===== Dataset extract =====

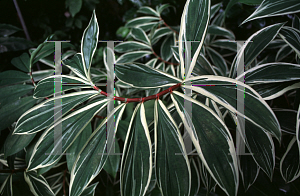 Picture of Costus speciosus 'Variegatus'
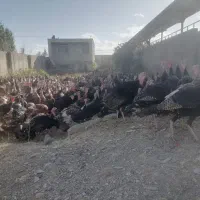 بوقلمون ماده تخم گذار بوربون و برنز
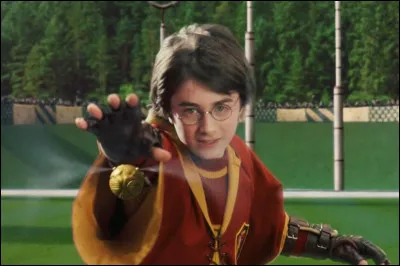 Quelles sont les couleurs des robes des Montrose Magpies ?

=====

--- Work task ---
The answer should be an exact copy of the material, with its pictures removed.

--- Exercise output ---
 Picture of Costus speciosus 'Variegatus'
 بوقلمون ماده تخم گذار بوربون و برنز
 Quelles sont les couleurs des robes des Montrose Magpies ?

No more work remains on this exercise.